About this exercise. Your task is to restate the listing word for word without the pictures.

Provided material.
□ □ □

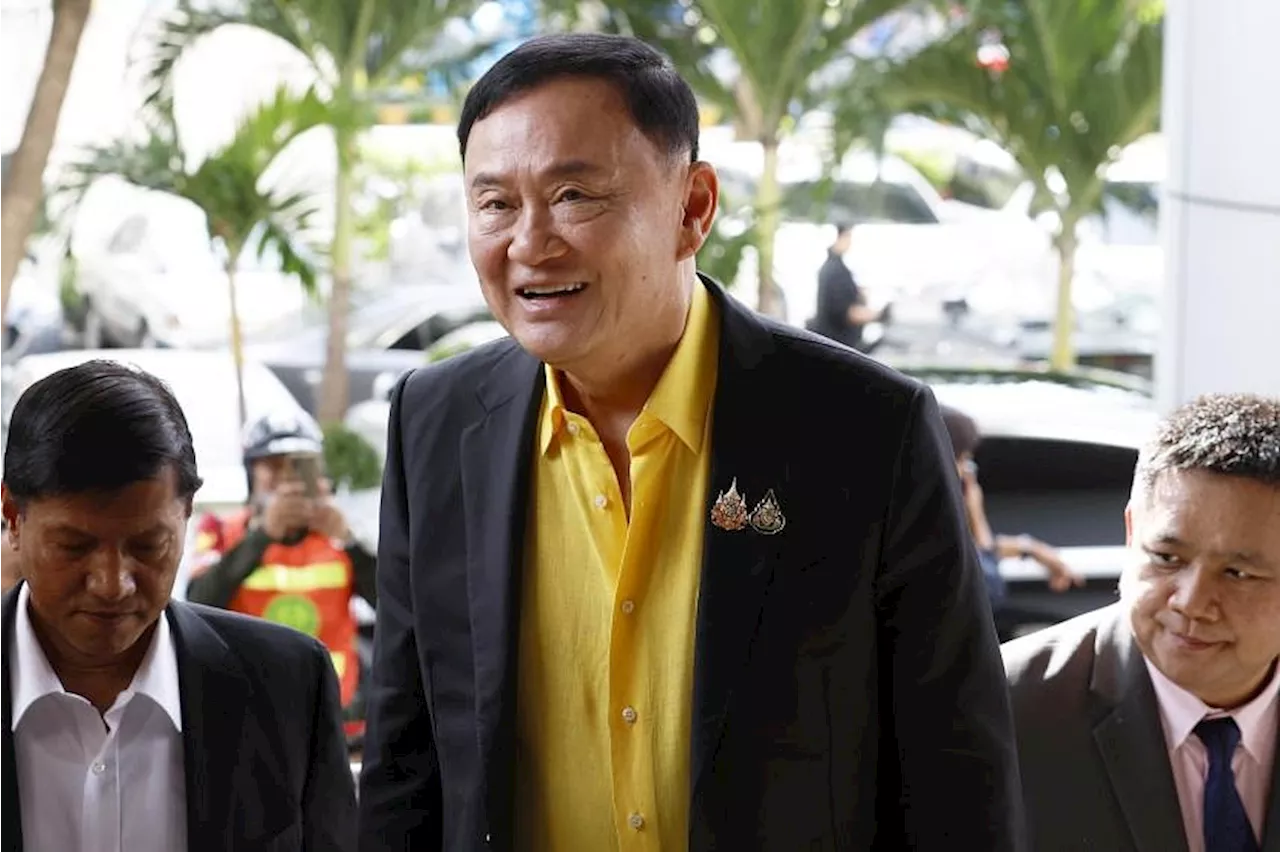 Thaksin faces royal insult trial as Thai court begins hearing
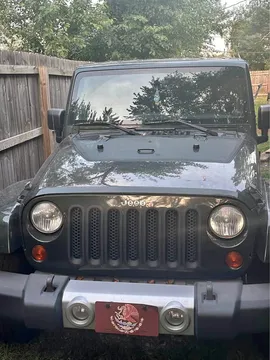 2011 Jeep Wrangler Sahara Sport Utility 4D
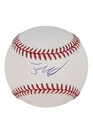 Autographed JUSTIN CRAWFORD  Official Major League Baseball w/COA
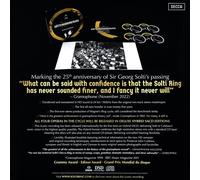 BIRGIT NILSSON / GEORG SOLTI WAGNER: GÖTTERDÄMMERUNG NEW SUPER AUDIO HYBRID CD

□ □ □

Result for this task.
 Thaksin faces royal insult trial as Thai court begins hearing
 2011 Jeep Wrangler Sahara Sport Utility 4D
 Autographed JUSTIN CRAWFORD  Official Major League Baseball w/COA
 BIRGIT NILSSON / GEORG SOLTI WAGNER: GÖTTERDÄMMERUNG NEW SUPER AUDIO HYBRID CD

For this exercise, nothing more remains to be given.